WHAT YOU NEED TO DO:
Your copy of the data should leave out the images and match everything else exactly.
INFORMATION SUPPLIED below:
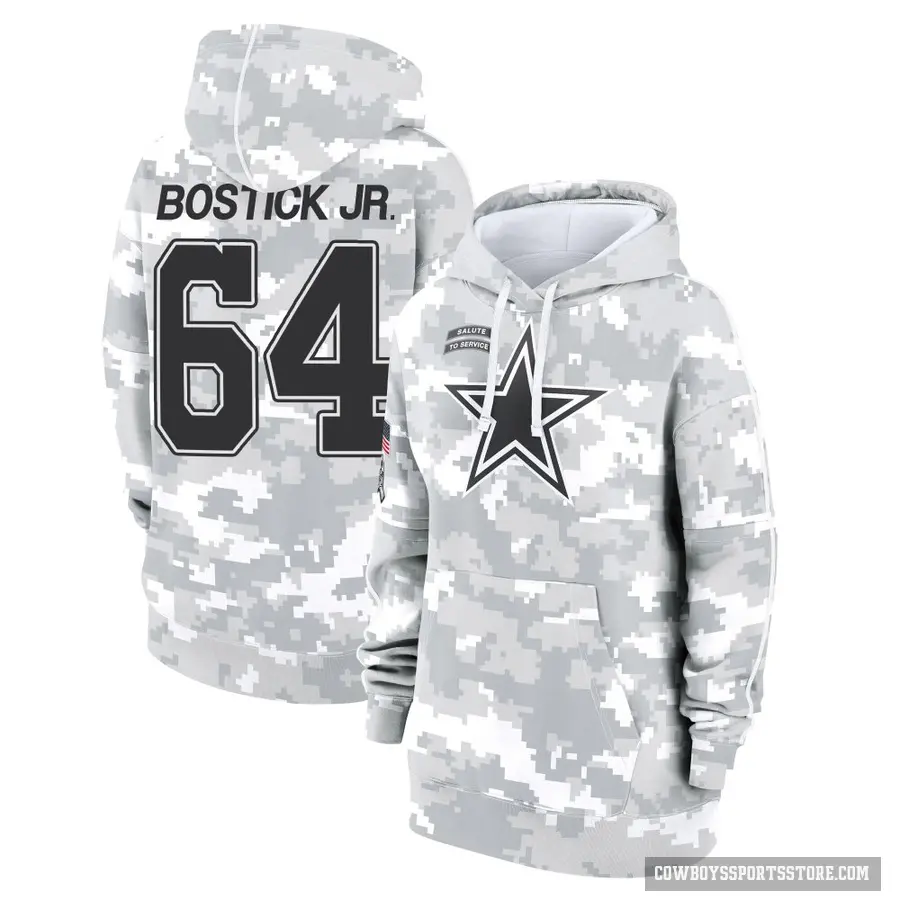 Women's ＃64 Earl Bostick Jr. Dallas Cowboys Arctic Camo 2024 Salute to Service Club Fleece Pullover Hoodie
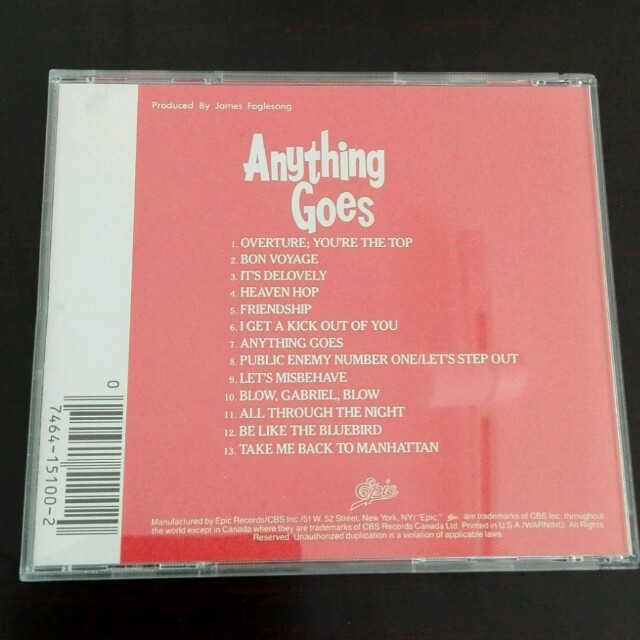 Anything Goes CD  エンタメ/ホビーのCD(ポップス/ロック(洋楽))の商品写真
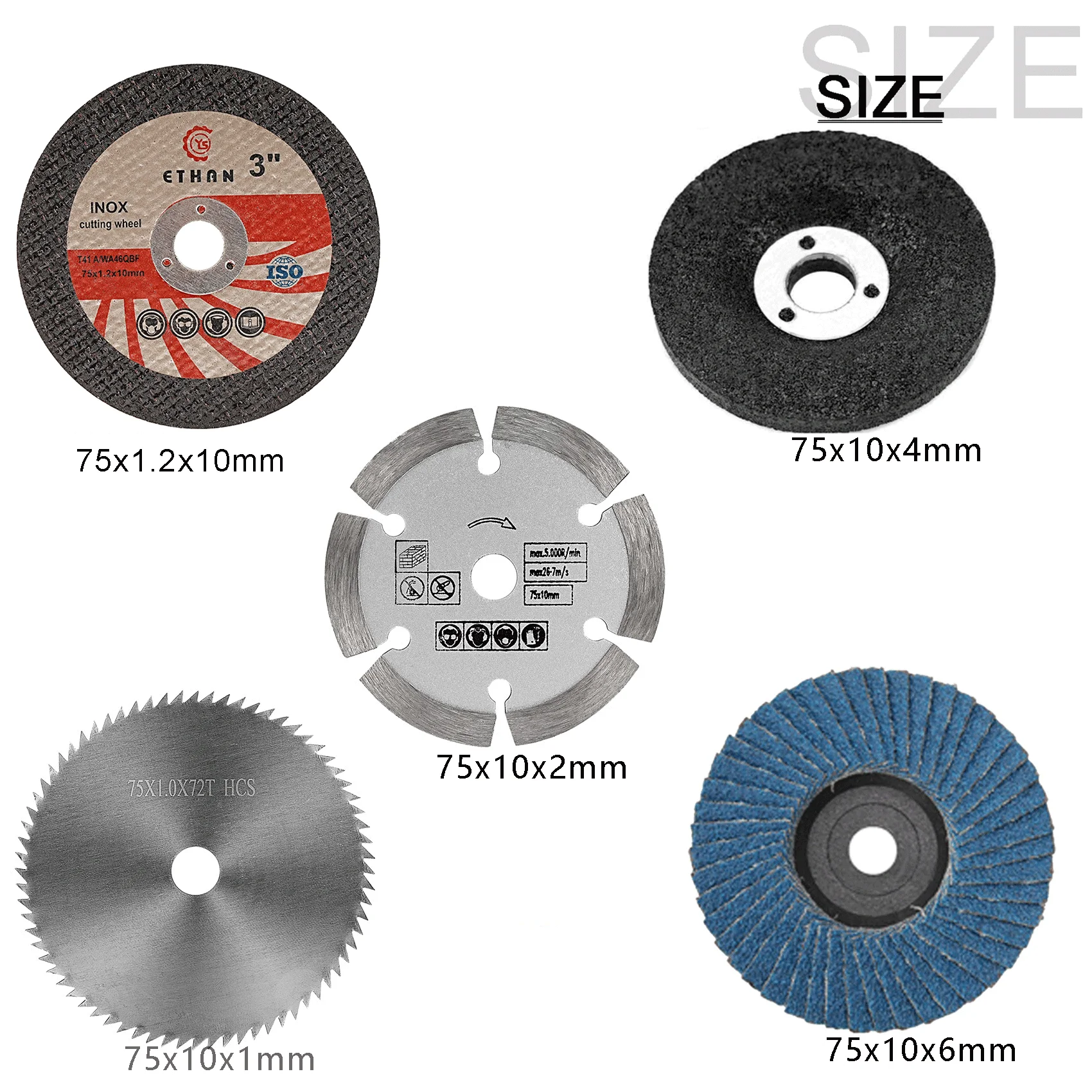 5pcs/set 75mm Grinding Wheel 3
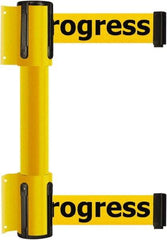 Tensator - 16.64" High x 156" Long x 3" Wide Barrier Dual Line Wall Mount - Steel, Yellow Powdercoat Finish, Yellow, Use with 898 Wall Receiver - Americas Industrial Supply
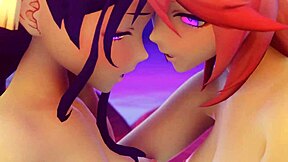 Hot Asian babes in lesbian action in anime hentai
End of INFORMATION SUPPLIED.
SOLUTION TO THIS EXERCISE:
 Women's ＃64 Earl Bostick Jr. Dallas Cowboys Arctic Camo 2024 Salute to Service Club Fleece Pullover Hoodie
 Anything Goes CD  エンタメ/ホビーのCD(ポップス/ロック(洋楽))の商品写真
 5pcs/set 75mm Grinding Wheel 3
 Tensator - 16.64" High x 156" Long x 3" Wide Barrier Dual Line Wall Mount - Steel, Yellow Powdercoat Finish, Yellow, Use with 898 Wall Receiver - Americas Industrial Supply
 Hot Asian babes in lesbian action in anime hentai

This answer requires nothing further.